**BRIEF**
Looking through the records that follow, determine how many lines contain "Hope" and reply with that number alone.

::::::::

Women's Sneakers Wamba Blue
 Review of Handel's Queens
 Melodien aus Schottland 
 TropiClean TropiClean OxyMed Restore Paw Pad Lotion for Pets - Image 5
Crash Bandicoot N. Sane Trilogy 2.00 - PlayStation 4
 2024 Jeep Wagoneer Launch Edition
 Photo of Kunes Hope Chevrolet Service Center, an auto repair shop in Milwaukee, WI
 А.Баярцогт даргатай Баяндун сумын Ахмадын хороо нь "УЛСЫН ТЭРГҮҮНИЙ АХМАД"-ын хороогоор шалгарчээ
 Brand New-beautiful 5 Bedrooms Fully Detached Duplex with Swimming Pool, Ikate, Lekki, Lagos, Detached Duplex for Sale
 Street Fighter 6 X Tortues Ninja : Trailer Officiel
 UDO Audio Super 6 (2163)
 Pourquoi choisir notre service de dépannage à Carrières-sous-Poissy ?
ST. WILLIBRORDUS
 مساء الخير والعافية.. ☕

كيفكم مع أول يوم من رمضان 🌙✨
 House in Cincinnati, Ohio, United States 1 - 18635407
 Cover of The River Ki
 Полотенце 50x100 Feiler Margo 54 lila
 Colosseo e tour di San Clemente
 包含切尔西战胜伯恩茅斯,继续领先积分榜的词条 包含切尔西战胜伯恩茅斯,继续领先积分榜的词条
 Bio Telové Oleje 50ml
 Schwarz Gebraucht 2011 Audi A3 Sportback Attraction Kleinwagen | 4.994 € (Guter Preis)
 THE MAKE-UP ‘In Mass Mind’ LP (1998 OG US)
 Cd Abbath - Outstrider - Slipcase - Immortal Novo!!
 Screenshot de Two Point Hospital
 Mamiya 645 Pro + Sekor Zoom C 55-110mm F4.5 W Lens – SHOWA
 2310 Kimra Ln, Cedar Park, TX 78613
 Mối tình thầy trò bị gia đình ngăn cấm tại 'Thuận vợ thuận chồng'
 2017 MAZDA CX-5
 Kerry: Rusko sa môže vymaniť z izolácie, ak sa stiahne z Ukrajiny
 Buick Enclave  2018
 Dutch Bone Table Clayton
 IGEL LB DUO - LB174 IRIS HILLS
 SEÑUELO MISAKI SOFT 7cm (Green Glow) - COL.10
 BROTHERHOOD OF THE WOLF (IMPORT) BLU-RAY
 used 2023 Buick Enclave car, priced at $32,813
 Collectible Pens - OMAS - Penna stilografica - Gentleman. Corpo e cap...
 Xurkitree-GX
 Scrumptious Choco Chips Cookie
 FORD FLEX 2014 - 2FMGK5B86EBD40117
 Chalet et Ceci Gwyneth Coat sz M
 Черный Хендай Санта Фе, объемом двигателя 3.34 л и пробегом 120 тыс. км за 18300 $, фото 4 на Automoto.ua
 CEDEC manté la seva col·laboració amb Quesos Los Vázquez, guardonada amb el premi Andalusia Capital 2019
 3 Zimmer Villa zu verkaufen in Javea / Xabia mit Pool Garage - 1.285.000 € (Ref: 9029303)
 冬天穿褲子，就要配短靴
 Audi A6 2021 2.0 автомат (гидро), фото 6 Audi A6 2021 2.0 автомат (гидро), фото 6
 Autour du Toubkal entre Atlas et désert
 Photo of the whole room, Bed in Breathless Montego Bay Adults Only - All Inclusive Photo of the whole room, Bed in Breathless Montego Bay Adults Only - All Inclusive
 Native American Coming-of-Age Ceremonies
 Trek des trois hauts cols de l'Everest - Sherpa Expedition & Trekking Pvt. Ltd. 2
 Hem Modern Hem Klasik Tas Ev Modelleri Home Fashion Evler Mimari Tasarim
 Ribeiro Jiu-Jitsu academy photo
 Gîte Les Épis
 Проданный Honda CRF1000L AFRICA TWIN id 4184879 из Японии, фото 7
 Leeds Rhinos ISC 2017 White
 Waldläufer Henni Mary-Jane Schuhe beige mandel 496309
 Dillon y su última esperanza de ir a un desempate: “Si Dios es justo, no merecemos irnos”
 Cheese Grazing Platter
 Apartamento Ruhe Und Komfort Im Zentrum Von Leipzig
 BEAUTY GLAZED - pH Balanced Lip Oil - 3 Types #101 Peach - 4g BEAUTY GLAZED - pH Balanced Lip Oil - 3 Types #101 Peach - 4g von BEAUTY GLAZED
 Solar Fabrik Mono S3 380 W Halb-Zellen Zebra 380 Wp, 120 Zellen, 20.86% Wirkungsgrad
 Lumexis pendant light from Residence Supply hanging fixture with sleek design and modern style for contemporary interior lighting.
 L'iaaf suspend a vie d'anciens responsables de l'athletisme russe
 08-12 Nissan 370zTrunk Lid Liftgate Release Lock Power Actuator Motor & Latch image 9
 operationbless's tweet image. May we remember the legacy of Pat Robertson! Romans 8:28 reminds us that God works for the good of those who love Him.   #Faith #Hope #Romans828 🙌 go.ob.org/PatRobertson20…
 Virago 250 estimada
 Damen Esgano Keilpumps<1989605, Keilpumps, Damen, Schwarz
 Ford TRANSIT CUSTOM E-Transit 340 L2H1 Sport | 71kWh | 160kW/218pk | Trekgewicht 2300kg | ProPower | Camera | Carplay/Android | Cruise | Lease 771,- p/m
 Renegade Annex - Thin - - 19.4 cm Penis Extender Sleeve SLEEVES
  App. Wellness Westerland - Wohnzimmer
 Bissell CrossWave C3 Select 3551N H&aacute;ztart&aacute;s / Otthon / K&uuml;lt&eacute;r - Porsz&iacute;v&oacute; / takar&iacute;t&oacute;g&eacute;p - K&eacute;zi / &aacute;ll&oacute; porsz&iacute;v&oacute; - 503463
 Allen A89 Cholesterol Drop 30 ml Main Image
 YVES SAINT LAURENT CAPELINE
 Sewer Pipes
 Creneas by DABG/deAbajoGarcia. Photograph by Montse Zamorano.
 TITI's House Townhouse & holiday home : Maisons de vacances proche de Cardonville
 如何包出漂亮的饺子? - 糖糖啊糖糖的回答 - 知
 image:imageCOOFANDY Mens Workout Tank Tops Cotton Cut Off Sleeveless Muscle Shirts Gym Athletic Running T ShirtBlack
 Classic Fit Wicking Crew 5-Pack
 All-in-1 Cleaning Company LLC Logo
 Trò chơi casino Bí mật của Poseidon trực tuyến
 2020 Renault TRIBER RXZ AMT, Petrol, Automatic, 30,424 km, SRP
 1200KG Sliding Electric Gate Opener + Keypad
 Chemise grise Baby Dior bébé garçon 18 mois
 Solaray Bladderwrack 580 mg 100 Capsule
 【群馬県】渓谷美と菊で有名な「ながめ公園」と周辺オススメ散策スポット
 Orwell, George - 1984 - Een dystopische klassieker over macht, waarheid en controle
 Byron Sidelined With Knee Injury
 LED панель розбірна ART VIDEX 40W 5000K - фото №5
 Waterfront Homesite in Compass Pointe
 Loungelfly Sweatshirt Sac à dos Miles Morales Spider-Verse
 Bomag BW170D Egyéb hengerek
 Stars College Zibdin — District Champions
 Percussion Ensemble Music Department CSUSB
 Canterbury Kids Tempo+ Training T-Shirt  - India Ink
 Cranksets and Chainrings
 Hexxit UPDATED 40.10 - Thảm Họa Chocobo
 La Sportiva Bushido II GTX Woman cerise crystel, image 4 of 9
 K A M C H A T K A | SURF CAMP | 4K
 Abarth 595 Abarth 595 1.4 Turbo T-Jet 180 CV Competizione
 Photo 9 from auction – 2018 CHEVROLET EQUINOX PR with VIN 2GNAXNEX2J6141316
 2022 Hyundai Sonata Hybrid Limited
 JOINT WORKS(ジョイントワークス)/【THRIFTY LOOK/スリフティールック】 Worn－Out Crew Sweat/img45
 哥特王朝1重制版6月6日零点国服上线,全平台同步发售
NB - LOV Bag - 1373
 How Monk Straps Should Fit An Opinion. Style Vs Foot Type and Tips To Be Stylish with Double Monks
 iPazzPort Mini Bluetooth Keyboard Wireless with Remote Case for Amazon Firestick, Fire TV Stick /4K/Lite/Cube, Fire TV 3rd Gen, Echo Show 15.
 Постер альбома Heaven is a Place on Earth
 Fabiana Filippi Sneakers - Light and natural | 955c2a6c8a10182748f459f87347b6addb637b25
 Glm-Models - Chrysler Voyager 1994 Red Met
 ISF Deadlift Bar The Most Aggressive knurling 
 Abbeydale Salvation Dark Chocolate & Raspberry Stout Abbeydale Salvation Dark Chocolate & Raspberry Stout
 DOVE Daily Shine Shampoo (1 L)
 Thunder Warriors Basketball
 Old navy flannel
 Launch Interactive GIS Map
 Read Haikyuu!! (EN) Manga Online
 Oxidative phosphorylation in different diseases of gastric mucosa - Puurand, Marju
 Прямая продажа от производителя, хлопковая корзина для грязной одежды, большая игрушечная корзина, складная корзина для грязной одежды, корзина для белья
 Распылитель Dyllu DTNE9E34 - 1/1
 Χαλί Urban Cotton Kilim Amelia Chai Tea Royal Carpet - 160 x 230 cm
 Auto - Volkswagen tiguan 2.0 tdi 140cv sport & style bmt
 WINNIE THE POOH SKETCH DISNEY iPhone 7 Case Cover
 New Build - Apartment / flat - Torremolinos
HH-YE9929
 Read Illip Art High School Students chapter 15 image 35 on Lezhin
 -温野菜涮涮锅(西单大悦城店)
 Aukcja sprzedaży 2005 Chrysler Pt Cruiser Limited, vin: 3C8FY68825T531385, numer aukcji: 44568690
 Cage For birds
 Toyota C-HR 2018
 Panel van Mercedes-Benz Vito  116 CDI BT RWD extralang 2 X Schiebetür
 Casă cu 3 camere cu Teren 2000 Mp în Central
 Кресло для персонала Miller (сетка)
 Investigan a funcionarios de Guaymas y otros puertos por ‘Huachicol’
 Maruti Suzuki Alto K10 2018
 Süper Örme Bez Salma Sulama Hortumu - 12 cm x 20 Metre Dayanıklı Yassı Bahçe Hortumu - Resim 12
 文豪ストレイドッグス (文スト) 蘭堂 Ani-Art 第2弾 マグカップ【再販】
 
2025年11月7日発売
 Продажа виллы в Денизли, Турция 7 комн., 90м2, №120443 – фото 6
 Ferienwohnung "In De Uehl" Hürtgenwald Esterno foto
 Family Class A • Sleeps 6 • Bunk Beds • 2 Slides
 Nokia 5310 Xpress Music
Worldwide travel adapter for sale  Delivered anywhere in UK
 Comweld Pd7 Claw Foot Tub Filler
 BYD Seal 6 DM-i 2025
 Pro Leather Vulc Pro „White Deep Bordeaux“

::::::::

**TASK OUTPUT**
2